La hausse est attribuable à plusieurs facteurs, soit la pandémie, le prix des aliments, les salaires qui ne suivent pas les coûts de la vie et l’accessibilité à des logements abordables.
En ce sens, Véronique Sawyer éprouve quelques inquiétudes. «On n’a plus de marge de manœuvre. Il y a cinq ans, on les rencontrait dans notre bureau et on constatait que le loyer prenait une grande portion du budget. On les conseillait fortement de regarder pour un loyer moins cher. Maintenant, ce n’est plus une alternative.»
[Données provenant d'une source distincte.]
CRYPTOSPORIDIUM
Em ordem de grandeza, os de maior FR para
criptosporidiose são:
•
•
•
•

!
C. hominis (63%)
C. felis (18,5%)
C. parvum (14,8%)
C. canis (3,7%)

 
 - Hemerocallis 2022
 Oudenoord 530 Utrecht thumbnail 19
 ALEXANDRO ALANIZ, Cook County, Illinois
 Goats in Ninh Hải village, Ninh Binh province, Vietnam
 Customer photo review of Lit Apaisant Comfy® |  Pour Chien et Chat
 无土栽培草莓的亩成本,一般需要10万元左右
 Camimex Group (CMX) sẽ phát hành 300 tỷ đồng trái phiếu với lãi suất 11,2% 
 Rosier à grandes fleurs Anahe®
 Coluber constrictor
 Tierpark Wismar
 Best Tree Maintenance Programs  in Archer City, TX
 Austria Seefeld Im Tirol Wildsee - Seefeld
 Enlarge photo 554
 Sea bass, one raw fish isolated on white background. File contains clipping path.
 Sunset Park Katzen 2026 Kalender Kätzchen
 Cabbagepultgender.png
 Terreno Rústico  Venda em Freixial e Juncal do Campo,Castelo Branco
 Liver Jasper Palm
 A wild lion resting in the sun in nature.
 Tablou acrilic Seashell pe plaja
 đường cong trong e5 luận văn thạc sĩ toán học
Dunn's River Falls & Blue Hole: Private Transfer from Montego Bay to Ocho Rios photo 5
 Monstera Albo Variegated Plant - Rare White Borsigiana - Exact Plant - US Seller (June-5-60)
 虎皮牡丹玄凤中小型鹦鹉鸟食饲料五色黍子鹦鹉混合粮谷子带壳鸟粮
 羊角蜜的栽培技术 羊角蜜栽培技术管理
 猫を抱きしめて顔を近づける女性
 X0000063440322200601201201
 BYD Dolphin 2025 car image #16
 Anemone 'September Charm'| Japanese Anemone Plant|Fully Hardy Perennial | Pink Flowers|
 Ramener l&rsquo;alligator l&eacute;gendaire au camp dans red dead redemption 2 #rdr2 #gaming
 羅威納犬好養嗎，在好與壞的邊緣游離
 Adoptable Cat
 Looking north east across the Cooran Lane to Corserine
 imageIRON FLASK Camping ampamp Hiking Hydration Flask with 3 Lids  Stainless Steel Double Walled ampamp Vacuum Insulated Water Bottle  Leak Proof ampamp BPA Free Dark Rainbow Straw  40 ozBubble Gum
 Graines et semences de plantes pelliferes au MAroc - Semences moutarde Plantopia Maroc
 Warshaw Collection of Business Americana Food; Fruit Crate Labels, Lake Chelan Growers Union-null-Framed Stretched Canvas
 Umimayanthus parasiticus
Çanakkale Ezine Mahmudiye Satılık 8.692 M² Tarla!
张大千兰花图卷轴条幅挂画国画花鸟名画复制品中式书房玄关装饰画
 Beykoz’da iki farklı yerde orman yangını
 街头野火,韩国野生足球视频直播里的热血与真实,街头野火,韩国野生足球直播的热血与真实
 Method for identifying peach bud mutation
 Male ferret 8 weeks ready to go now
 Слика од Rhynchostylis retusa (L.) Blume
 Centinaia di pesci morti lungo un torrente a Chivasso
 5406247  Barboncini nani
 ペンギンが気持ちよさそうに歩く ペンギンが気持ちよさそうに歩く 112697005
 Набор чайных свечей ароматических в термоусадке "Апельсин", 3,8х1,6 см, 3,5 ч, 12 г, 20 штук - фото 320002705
«Il y a de plus en plus de gens qui sont à risque d’itinérance. Ils se retrouvent avec un loyer trop cher pour leur budget. Même si on les aide au niveau de l’alimentation, ils s’endettent à nouveau», poursuit-elle.
Toutes les urgences alimentaires sont traitées dans les temps, mais l’organisme a de la difficulté à respecter l’échéancier pour les rendez-vous hebdomadaires. «Nous avons besoin d’argent pour bonifier nos ressources humaines et assurer la stabilité de notre équipe», souligne Véronique Sawyer. Pour répondre à la demande actuelle, le Comptoir alimentaire Drummond doit embaucher deux intervenants supplémentaires.
En ce sens, le centre d’aide sollicite les paliers gouvernementaux afin qu’ils rehaussent les subventions accordées. Rappelons que le financement en provenance des gouvernements provincial et fédéral représentent environ 17 % du budget total de la banque alimentaire.